• **Directions for this task**
Which lines of the data below hold "Card"? Copy each of them.

(Beginning of Material supplied)

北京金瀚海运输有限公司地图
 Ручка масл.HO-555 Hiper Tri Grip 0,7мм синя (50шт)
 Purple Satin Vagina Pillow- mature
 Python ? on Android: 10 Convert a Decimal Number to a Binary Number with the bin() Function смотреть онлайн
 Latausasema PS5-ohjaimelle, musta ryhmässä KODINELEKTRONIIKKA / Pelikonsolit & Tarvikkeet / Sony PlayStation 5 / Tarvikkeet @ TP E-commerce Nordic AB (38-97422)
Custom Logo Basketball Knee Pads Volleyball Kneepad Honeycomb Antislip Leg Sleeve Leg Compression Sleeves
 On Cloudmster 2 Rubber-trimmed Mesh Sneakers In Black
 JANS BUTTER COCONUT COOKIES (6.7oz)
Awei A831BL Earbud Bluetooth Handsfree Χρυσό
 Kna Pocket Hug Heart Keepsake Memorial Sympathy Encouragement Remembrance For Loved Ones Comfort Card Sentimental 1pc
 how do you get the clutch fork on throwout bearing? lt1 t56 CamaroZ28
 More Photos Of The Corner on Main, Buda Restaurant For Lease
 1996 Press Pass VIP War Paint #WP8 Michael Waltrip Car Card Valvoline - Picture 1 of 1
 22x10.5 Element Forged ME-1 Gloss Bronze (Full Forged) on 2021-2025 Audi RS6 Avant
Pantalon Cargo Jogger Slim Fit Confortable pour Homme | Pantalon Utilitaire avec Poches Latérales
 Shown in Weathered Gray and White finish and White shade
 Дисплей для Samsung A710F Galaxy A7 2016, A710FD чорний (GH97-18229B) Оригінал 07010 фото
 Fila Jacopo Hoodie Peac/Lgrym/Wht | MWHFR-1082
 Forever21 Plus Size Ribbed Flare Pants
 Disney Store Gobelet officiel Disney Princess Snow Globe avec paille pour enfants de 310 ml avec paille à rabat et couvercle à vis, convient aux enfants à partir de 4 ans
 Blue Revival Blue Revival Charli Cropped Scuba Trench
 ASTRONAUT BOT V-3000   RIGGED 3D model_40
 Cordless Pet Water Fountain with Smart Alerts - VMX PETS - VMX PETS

(End of Material supplied)

• **Solution to the problem**
 Kna Pocket Hug Heart Keepsake Memorial Sympathy Encouragement Remembrance For Loved Ones Comfort Card Sentimental 1pc
 1996 Press Pass VIP War Paint #WP8 Michael Waltrip Car Card Valvoline - Picture 1 of 1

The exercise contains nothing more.